Jak podaje „Dziennik Łódzki”, nieznany sprawca pożyczył tramwaj od łódzkiego MPK. Porzucony pojazd znaleźli na Żabieńcu pracownicy MPK.
Pracownicy MPK ostatni raz pojazd widzieli w zajezdni Telefoniczna o godz. 18.40 w piątek, 28 marca. Nie wiadomo, co działo się z pojazdem od tego czasu do niedzieli rano.
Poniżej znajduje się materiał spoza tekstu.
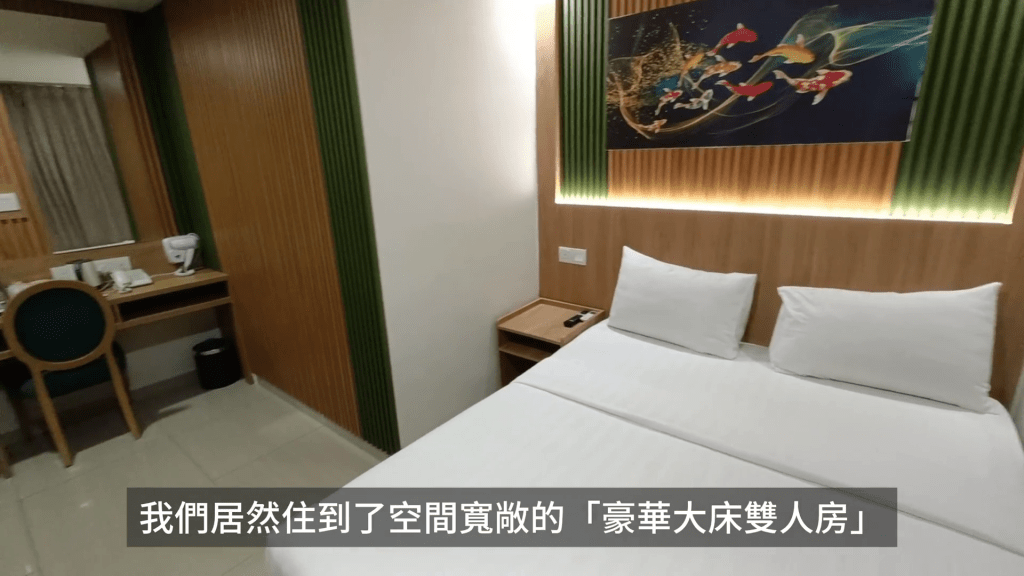 凭著敏锐的触觉,成功以每晚二百多港币订下吉隆坡包早餐的住宿,穷游也能住得舒适,吃得好。 凭著敏锐的触觉,成功以每晚二百多港币订下吉隆坡包早餐的住宿,穷游也能住得舒适,吃得好。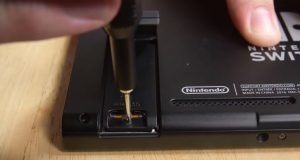 Nintendo Switch sostituzione batteria (3) 3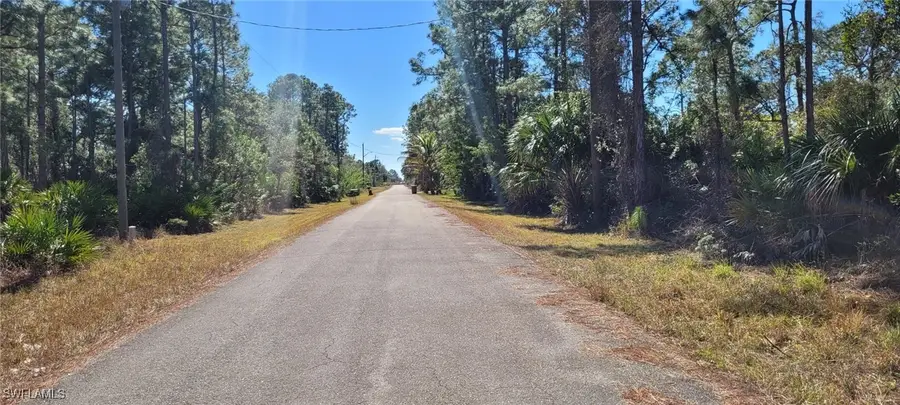 2020 Monroe Avenue, Alva, FL 33920 - Image #2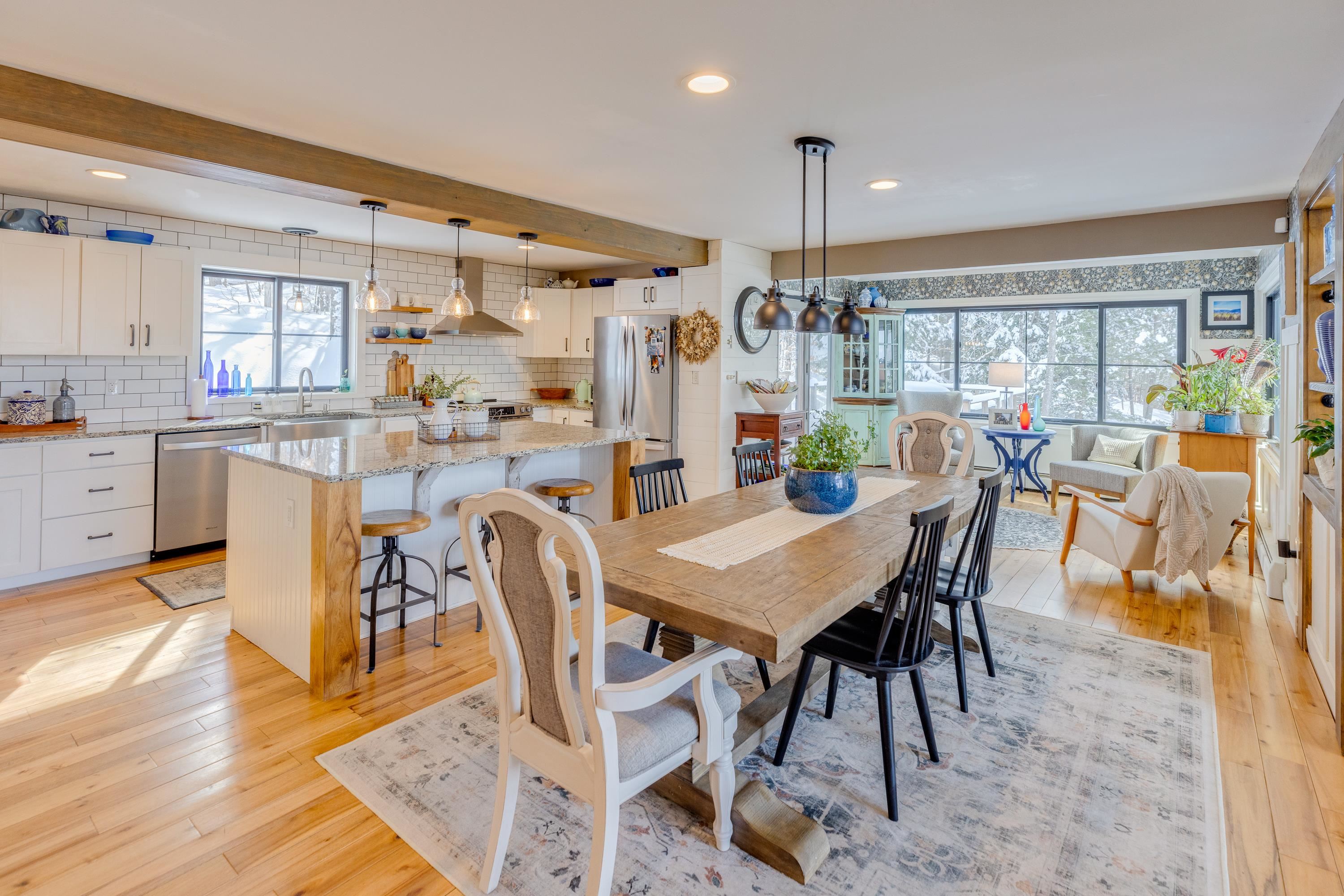 22 Deacon Willey Rd, Campton, NH 03223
Jak podaje „Dziennik Łódzki”, pojazd mógł uprowadzić motorniczy z łódzkiego MPK, który został zwolniony z pracy za zgłoszenie się na służbę pod wpływem alkoholu.
- Musiała to być osoba, która posiada przynajmniej podstawowe umiejętności prowadzenia tramwaju – mówi „Dziennikowi Łódzkiemu” podinsp. Joanna Kącka, rzecznik Komendanta Wojewódzkiego Policji w Łodzi.
Dochodzenie prowadzone jest przez Wydział ds. Przestępczości Samochodowej KMP w Łodzi w kierunku krótkotrwałego użycia pojazdu. Policja zabezpieczyła nagrania z monitoringu miejskiego z tras przejazdu między zajezdnią przy ul. Telefonicznej a pętlą Żabieniec.
Sprawcy grozi kara od 3 miesięcy do 5 lat pozbawienia wolności.